Ein neues Gutachten von Pro Asyl kommt zu dem Schluss, dass die Bundesregierung sich strafbar macht, wenn sie gefährdete Afghanen im Stich lässt, die von der BRD eine Zusage im Rahmen des Aufnahmeprogramms erhalten haben. Was ist der Kontext des Gutachtens?

Aktuell sind rund 2.300 Afghanen in Pakistan, die über verschiedene Aufnahmeprogramme der Bundesregierung nach langjähriger Prüfung Zusagen erhalten haben. Diese Menschen haben sich damit nach Islamabad begeben, weil es in Afghanistan keine Botschaft gibt, um das Visumverfahren zu machen, und ihnen dort Verfolgung droht. Dort harren sie nun seit Wochen, teils sogar Jahren, aus.

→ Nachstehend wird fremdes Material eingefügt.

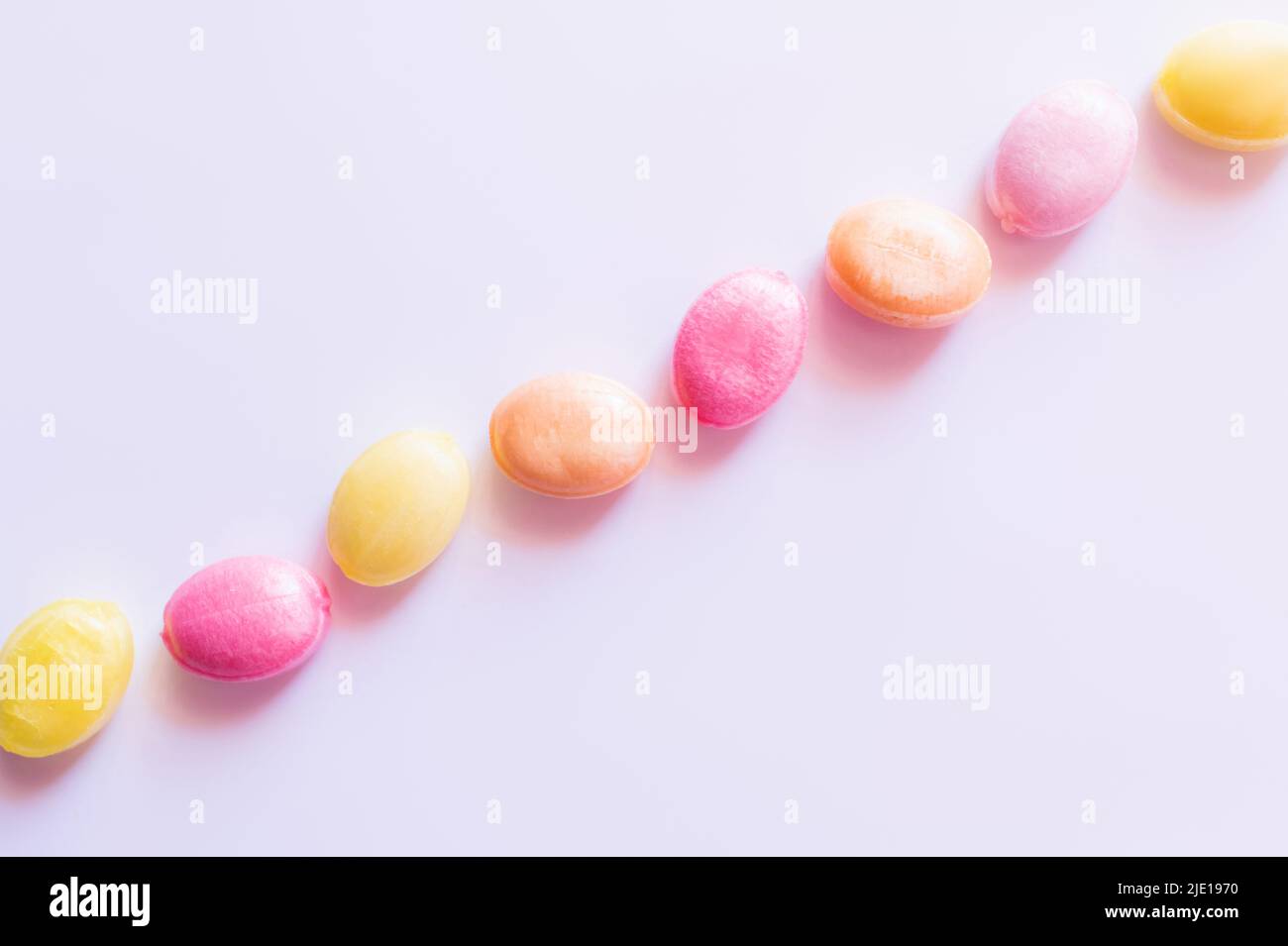 Piatto con caramelle colorate su sfondo bianco Foto Stock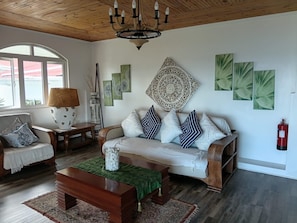 Ein Wohnzimmer mit Holzboden, einer Couch mit gemusterten Kissen, einem Couchtisch, einer Lampe und Bildern an den Wänden.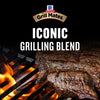 A juicy steak is being grilled with McCormick Grill Mates seasoning.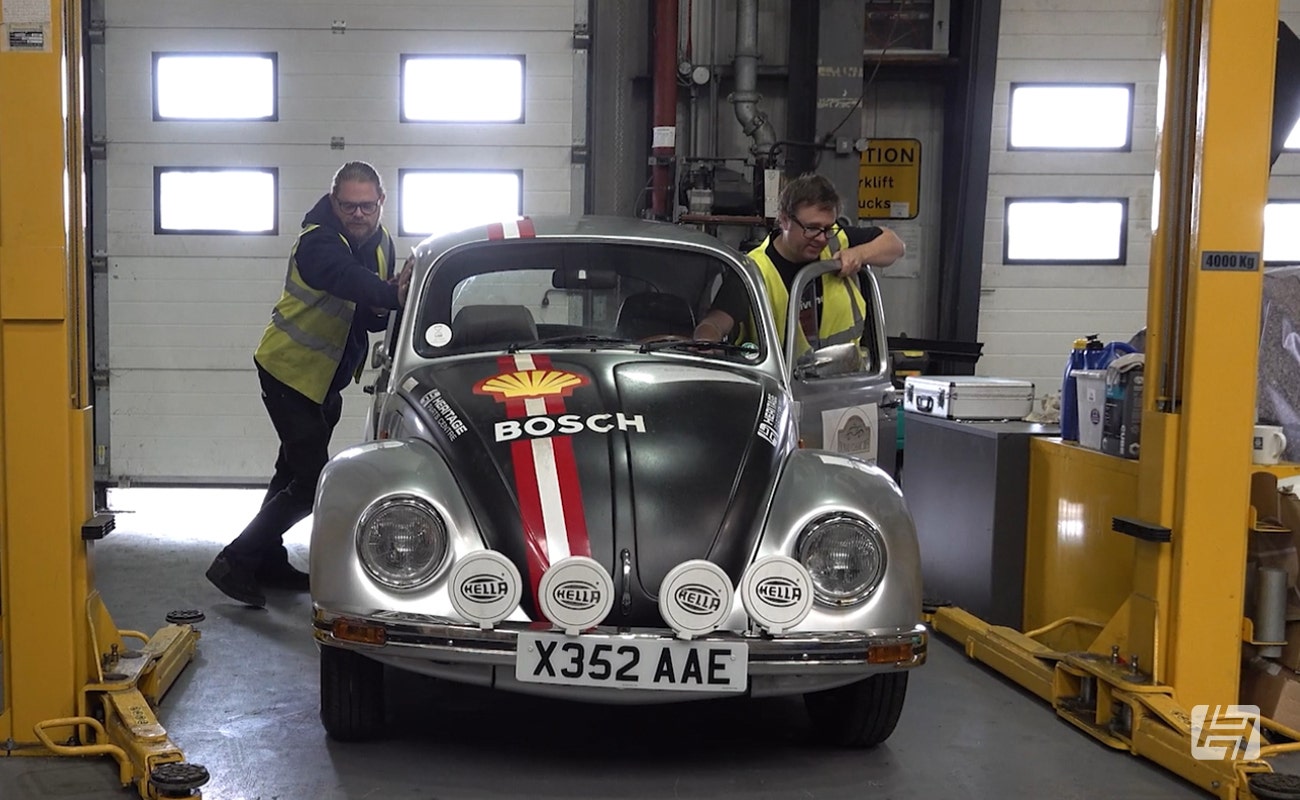 Chris and Andy from Heritage Parts Centre push the Rally Beetle in the workshop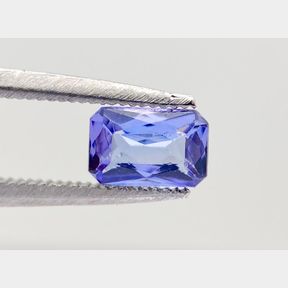 0.626CT EMERALD CUT TANZANITE .VIOLET BLUE .GEM LAB CERTIFIED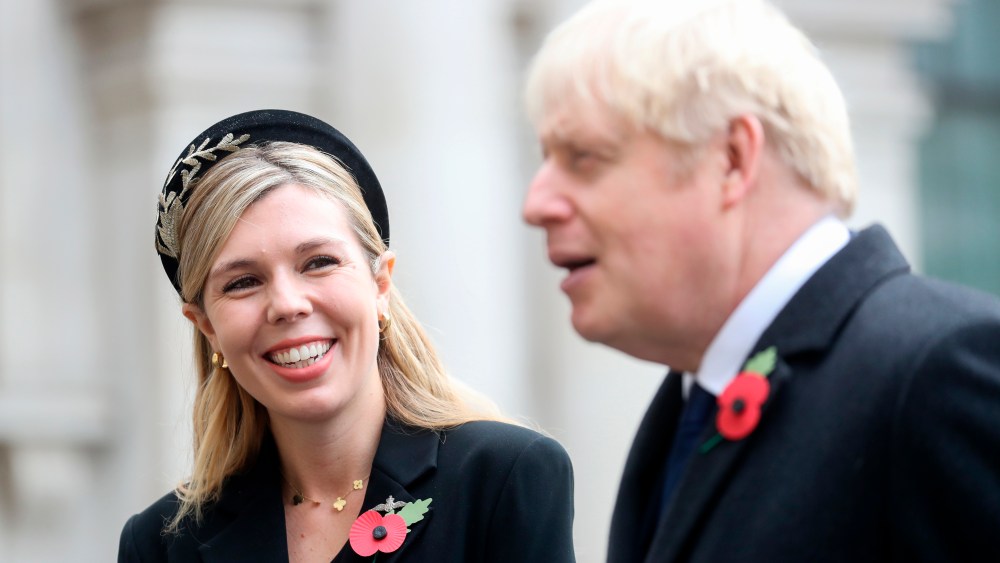 Remembrance Sunday. Prime Minister Boris Johnson with partner Carrie Symonds, talking to veterans, following the National Service of Remembrance at the Cenotaph, in Whitehall, London. Picture date: Sunday November 8, 2020. See PA story MEMORIAL Remembrance. Photo credit should read: Chris Jackson/PA Wire URN:56526282 (Press Association via AP Images)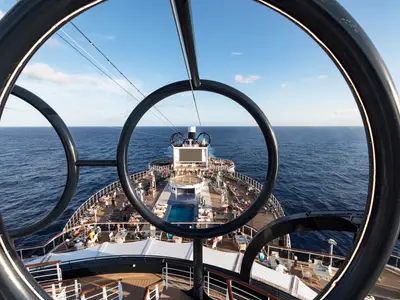 Blick vom Heck der MSC Seaside auf das offene Meer, eingerahmt von der Zip-Line-Struktur. Auf dem Sonnendeck entspannen zahlreiche Gaeste am Pool und auf Liegen unter blauem Himmel.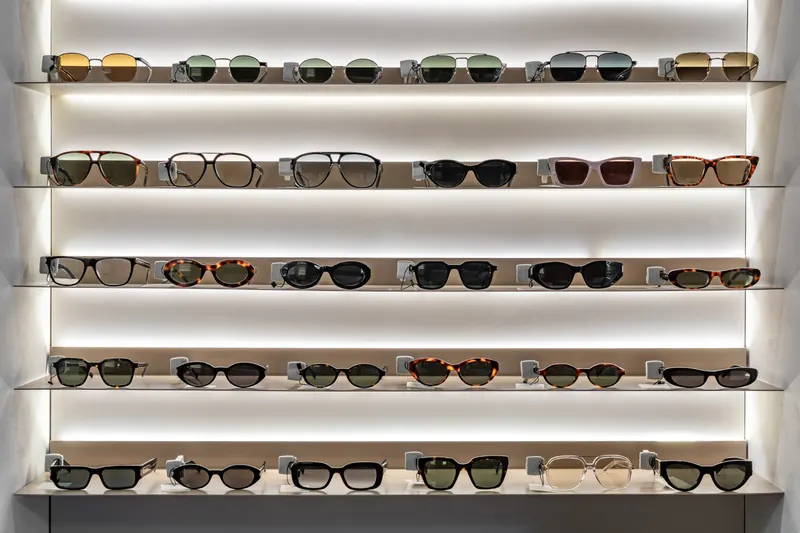 Backlit white shelves in the Sightline dispensary holding rows of acetate and metal frames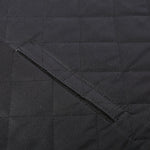 Black quilted pet mat for dog or cat comfort, durable fabric with stitched squares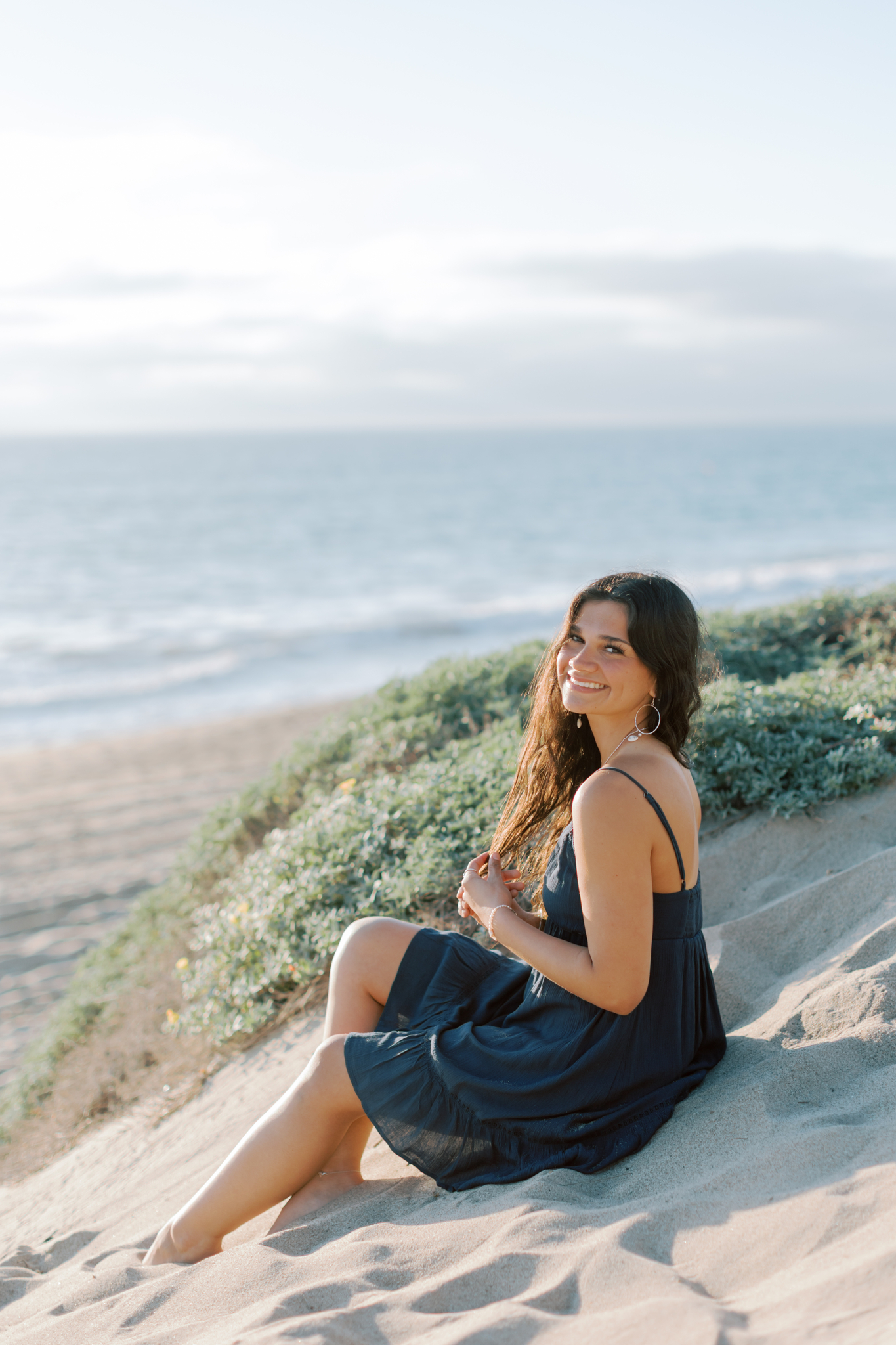 Thousand Oaks High School senior sitting on sand at Point Dume Malibu wearing a navy dress, smiling toward the camera during golden hour beach senior photos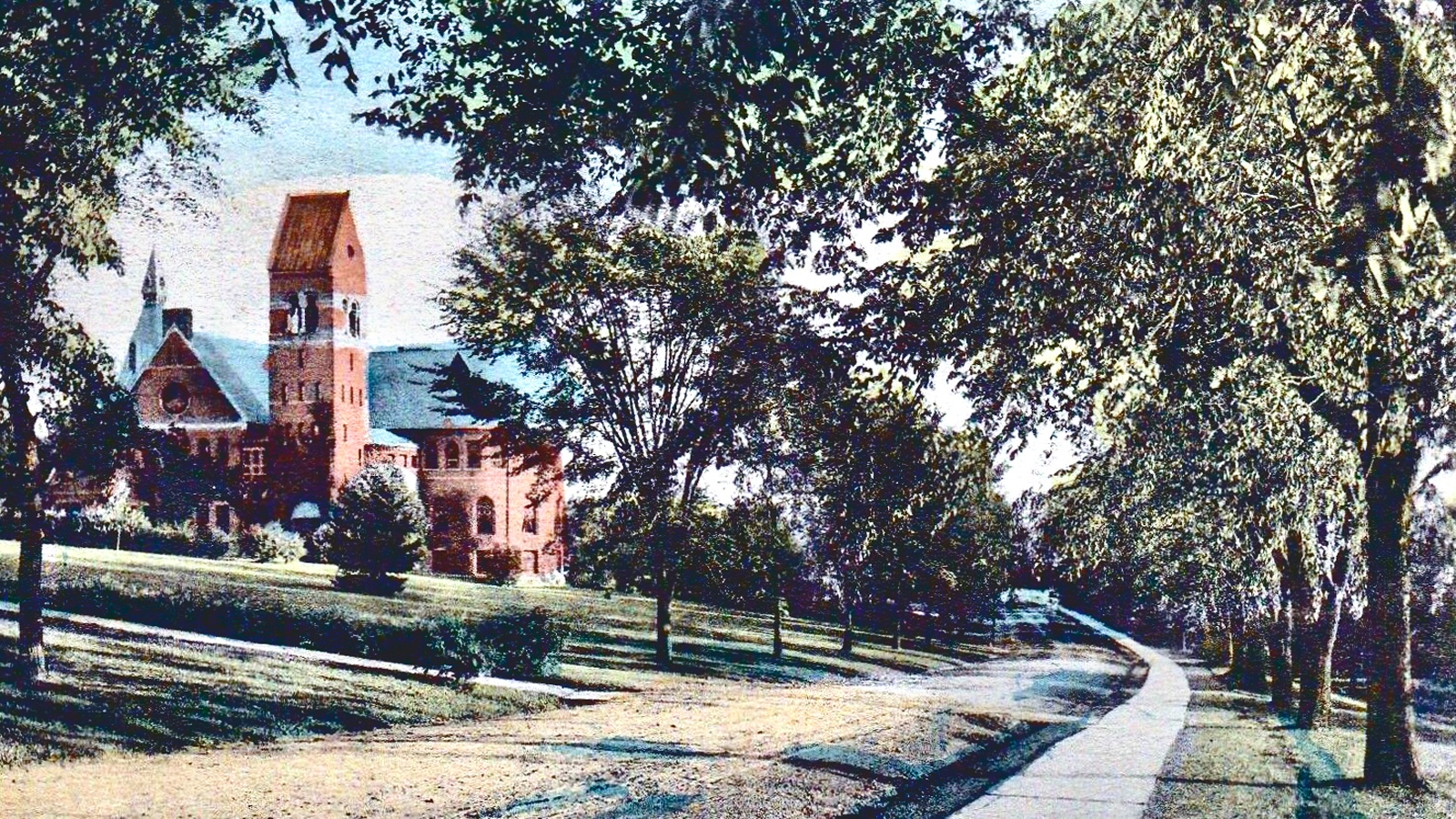 a colorized postcard from 1907 shows a view of Central Avenue looking south as it curves past Barnes Hall on campus with then-young elm trees lining both sides of the street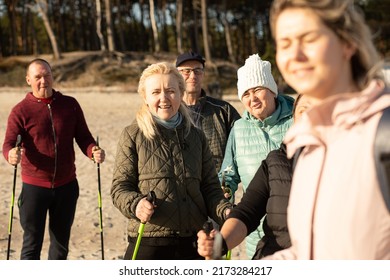 Close-up Of Joying Woman Blinking In The Sunlight And People Group, Nordic Walking With Trekking Sticks Outdoors. Weekend Activity For Campers. Workout Education, Breathing Technic And Leg Postures. 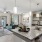 a kitchen with a marble island
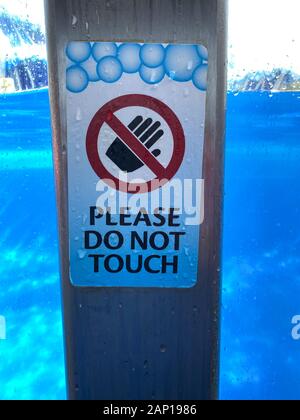 Un autocollant d'avertissement sur un post qui dit merci de ne pas toucher à un réservoir d'aquarium. Banque D'Images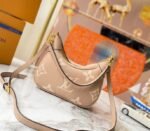 Louis Vuitton Bicolor Monogram Empreinte Leather Bagatelle Mini Hobo In Tourterelle Gray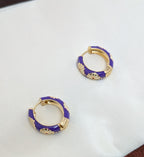 Viola Bloom Huggie Hoops – violet enamel hoops with white daisy and gold details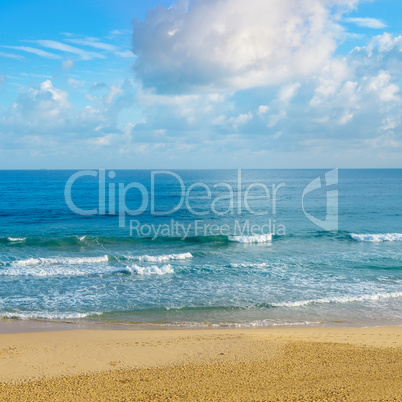 Deserted sandy beach of the Indian Ocean. In the blue sky cumulu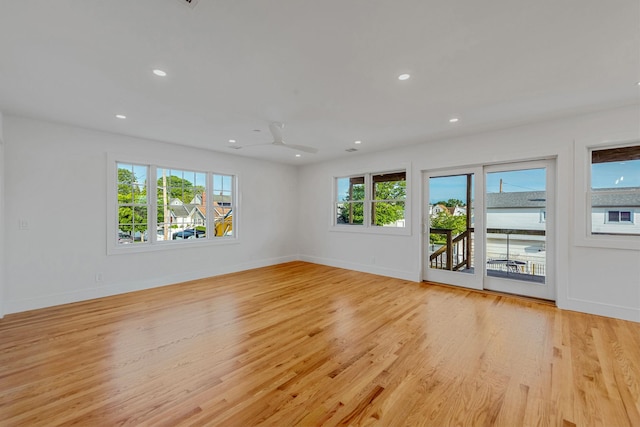 spare room featuring recessed lighting, baseboards, and light wood finished floors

Wir haben überlegt, direkt Strafanzeige gegen die Bundesregierung zu stellen. Das Gutachten ist ein letzter Warnschuss. Der von uns beauftragte Strafverteidiger ist darin zu dem Schluss gekommen, dass die Bundesregierung sich auf jeden Fall strafbar macht, wenn Menschen bereits abgeschoben worden sind. Bei drohender Abschiebung ist die Strafbarkeit noch strittig.

Das Ende dieser Aufnahmeprogramme hatten CDU/CSU bereits im Wahlkampf angekündigt. Welche Folgen für die Betroffenen gehen mit der Umsetzung einher?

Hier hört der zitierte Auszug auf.